==== STORED DATA

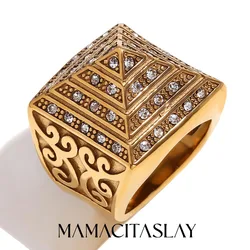 MamacitaSlay New In Vintage Four Story Pyramid Vine Waterproof Men Ring Luxury Stainless Steel Jewelry Man Accessories Gifts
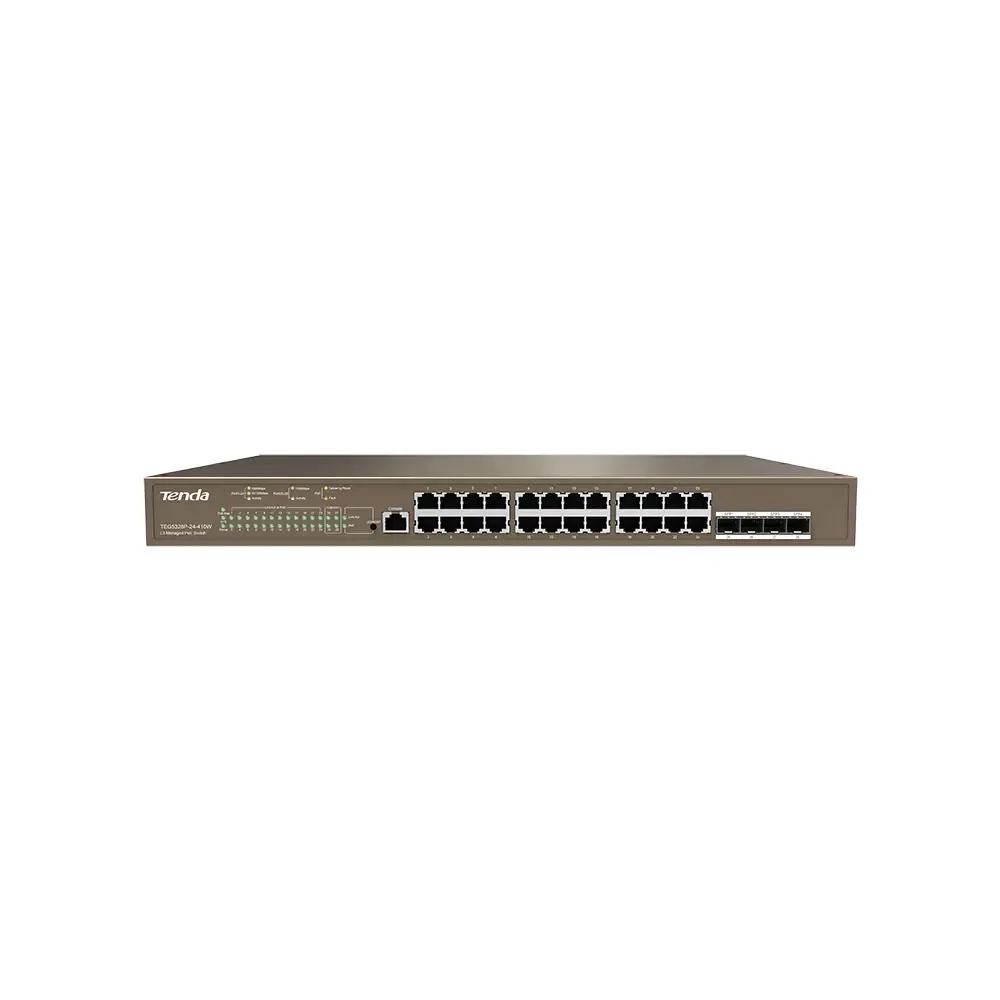 TENDA 24port PoE 410w 4-SFP Gigabit Yönetilebilir Switch TEG5328P-24-410W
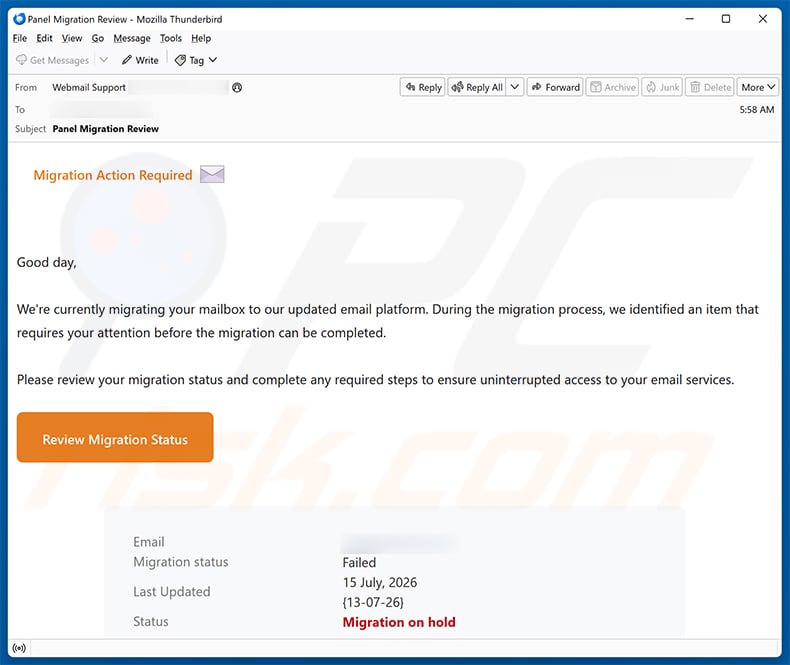 Migration Action Required email spam campaign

========

YOUR OBJECTIVE:
An exact, picture-free copy of the listing above is the goal; write it out now.

TASK ANSWER:
 MamacitaSlay New In Vintage Four Story Pyramid Vine Waterproof Men Ring Luxury Stainless Steel Jewelry Man Accessories Gifts
 TENDA 24port PoE 410w 4-SFP Gigabit Yönetilebilir Switch TEG5328P-24-410W
 Migration Action Required email spam campaign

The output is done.